## Given data
───
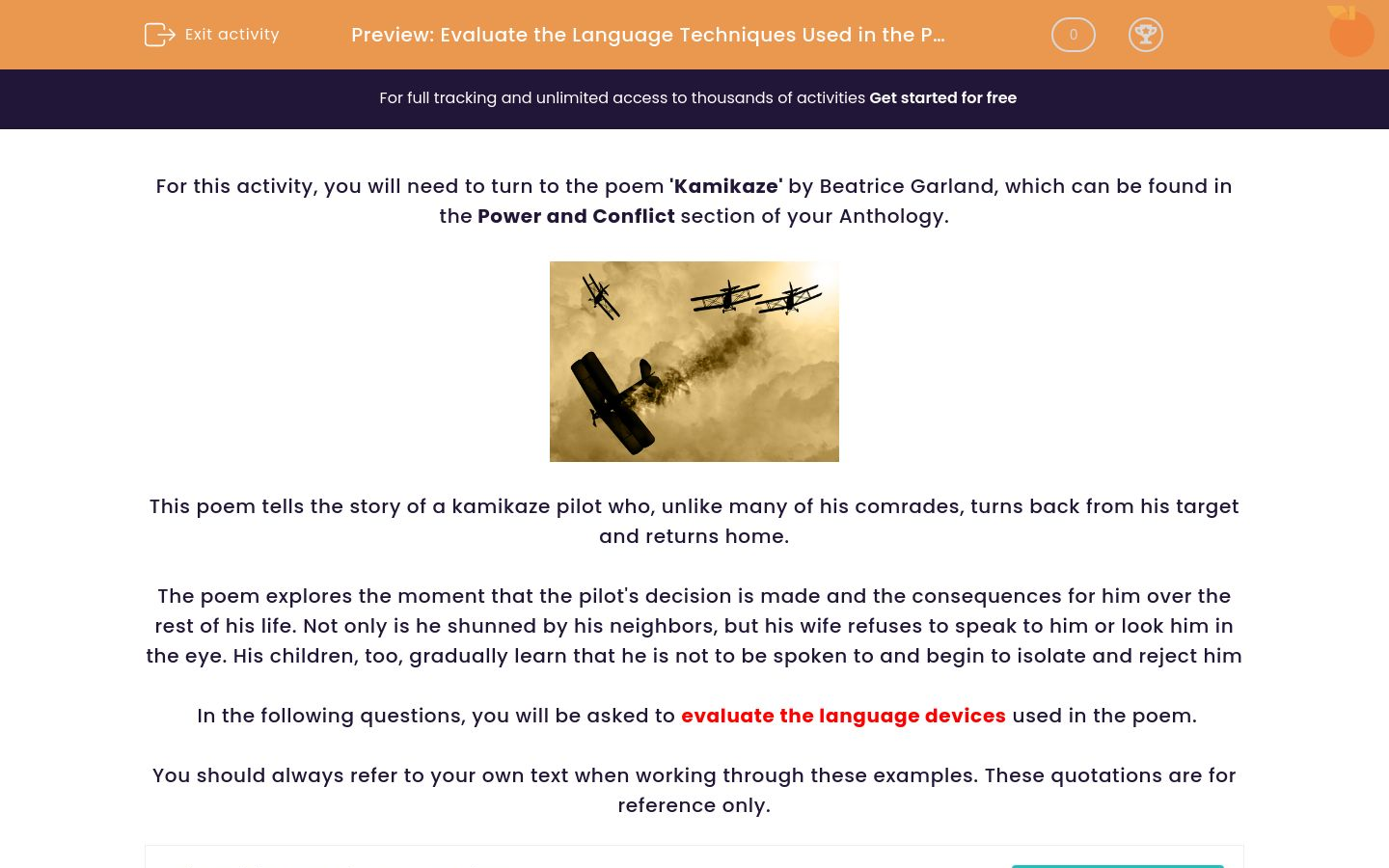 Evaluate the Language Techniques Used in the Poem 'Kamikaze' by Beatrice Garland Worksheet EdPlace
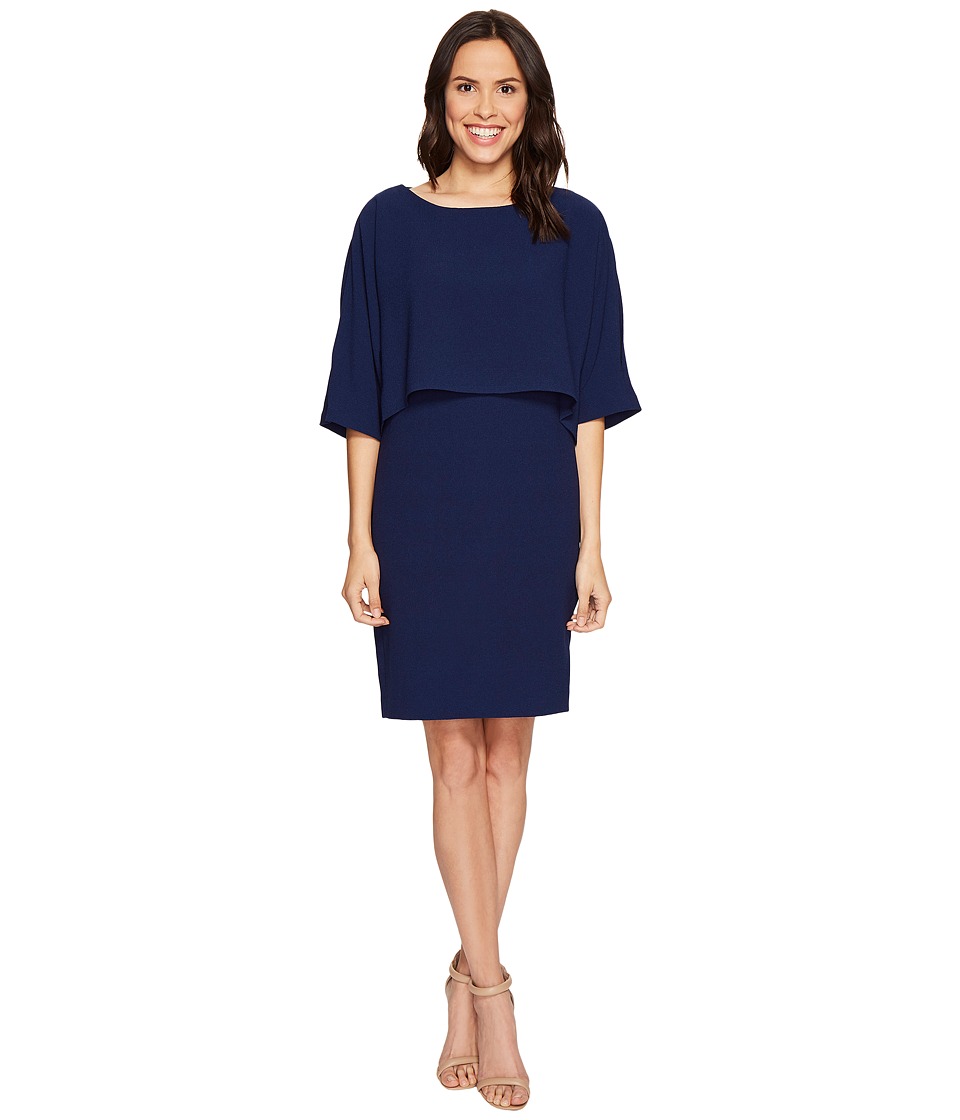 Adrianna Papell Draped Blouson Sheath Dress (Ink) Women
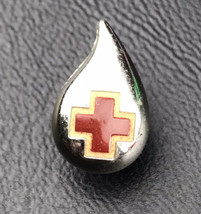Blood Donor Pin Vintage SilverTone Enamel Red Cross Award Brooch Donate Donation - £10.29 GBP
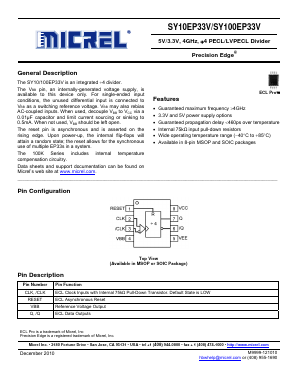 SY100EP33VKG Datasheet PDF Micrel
───
## Task prompt
Pictures stay out. Print the data exactly, from its first line through the line containing "Blood Donor Pin".

## Output of the task
 Evaluate the Language Techniques Used in the Poem 'Kamikaze' by Beatrice Garland Worksheet EdPlace
 Adrianna Papell Draped Blouson Sheath Dress (Ink) Women
Blood Donor Pin Vintage SilverTone Enamel Red Cross Award Brooch Donate Donation - £10.29 GBP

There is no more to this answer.